1. Im Verfahren über das Erbrecht ist strittig, ob der Ehegatte die Erblasserin überlebt hat. Die Vorinstanzen haben den Eintritt des Hirntodes als maßgebend angesehen, wegen der diesbezüglichen Negativfeststellung ein non liquet angenommen, daher die Kommorientenvermutung des § 11 TEG angewendet und auf dieser Grundlage den Anfall des Erbrechts an den Ehegatten verneint.
2. Voraussetzung für die Anwendung des § 11 TEG ist allerdings, dass nicht bewiesen werden kann, dass eine Person die andere überlebt hat. Zunächst ist daher zu fragen, ob ein solcher Beweis nicht ohnehin erbracht ist. Das trifft hier entgegen der Auffassung der Vorinstanzen zu:
2.1. Nach § 29 Abs 1 PStG 2013 ist der Tod als Personenstandsfall iSv § 1 Abs 2 PStG 2013 von der zuständigen Personenstandsbehörde in das Zentrale Personenstandsregister einzutragen. Diese Eintragung hat nach § 30 Z 2 PStG 2013 auch den Zeitpunkt des Todes zu enthalten, sie erfolgt nach § 36 Abs 2 PStG 2013 aufgrund amtswegiger Ermittlung des Sachverhalts. Die Eintragung im Personenstandsregister ist Grundlage für die Sterbeurkunde, die wie alle anderen Personenstandsurkunden ein Auszug aus diesem Register ist (§ 53 Abs 1 iVm § 57 Abs 1 PStG 2013).
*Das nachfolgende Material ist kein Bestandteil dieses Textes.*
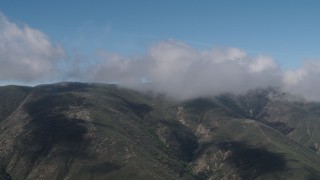 4K aerial stock footage Santa Lucia Range mountains capped by clouds in California Aerial Stock Footage | AX70_259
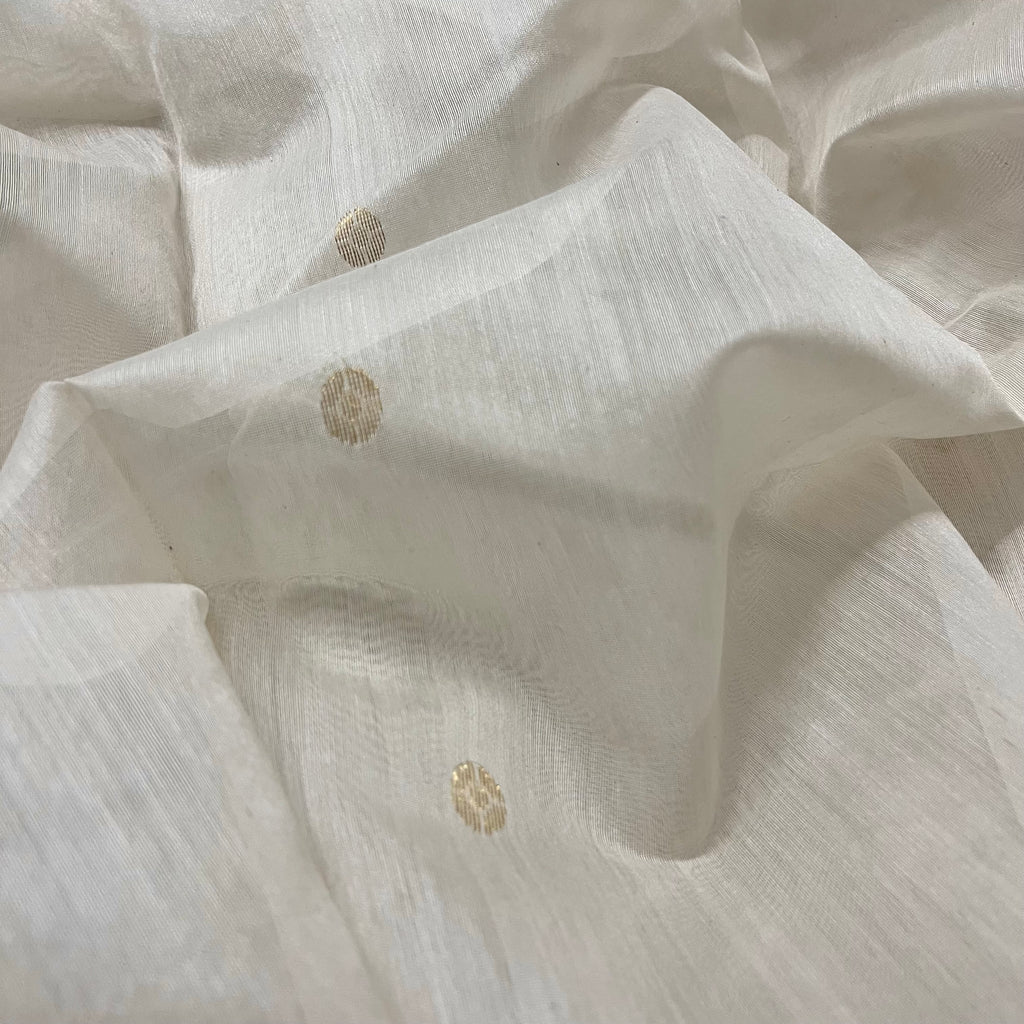Off white Chanderi saree with zari bootis all over and zari motifs on pallu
2.2. Die Sterbeurkunde ist eine öffentliche Urkunde iSv § 292 Abs 1 ZPO (hier iVm § 35 AußStrG). Sie begründet daher vollen Beweis dessen, was die Behörde darin bezeugt hat. Dieser volle Beweis erfasst auch den in der Urkunde genannten Todeszeitpunkt (9 Ob 14/18a). Sind bei zwei Verstorbenen unterschiedliche Zeitpunkte genannt, so ist daher zunächst der volle Beweis erbracht, dass einer den anderen überlebt hat, § 11 TEG ist in diesem Fall nicht anwendbar. Im vorliegenden Fall wäre auf dieser Grundlage erwiesen, dass der Ehegatte die Erblasserin überlebt hat.
2.3. Nach § 292 Abs 2 ZPO kann allerdings die Unrichtigkeit der in einer öffentlichen Urkunde bezeugten Tatsache bewiesen werden. Erforderlich ist der Beweis des Gegenteils (Ziehensack in Höllwerth/Ziehensack § 292 ZPO Rz 7; Rechberger/Klicka in Rechberger/Klicka5 § 292 Rz 3). Das gilt mangels Unterscheidung im Gesetz auch für den Zeitpunkt des Todes. Der nach § 292 Abs 1 ZPO anzunehmende volle Beweis fällt daher weg, wenn (positiv) bewiesen wird, dass der in der Sterbeurkunde genannte Zeitpunkt nicht zutrifft. Wird in diesem Fall nicht zugleich auch ein anderer Zeitpunkt bewiesen, greift die Vermutung des § 11 TEG. Die gelegentlich vertretene Ansicht, dass (offenbar) immer der von der Personenstandsbehörde bezeugte Todeszeitpunkt maßgebend sei (Welser, Erbrechtskommentar § 536 ABGB Rz 2; Schauer/Motal in Klang3 § 536Rz 8; Werkusch-Christ in Klete?ka/Schauer, ABGB-ON1.07 [Stand 1. 8. 2019] § 536 Rz 4, alle noch unter Hinweis auf das nach dem PStG 2013 nicht mehr existierende „Sterbebuch“ iSd §§ 27 ff PStG 1983), trifft daher in dieser Allgemeinheit nicht zu.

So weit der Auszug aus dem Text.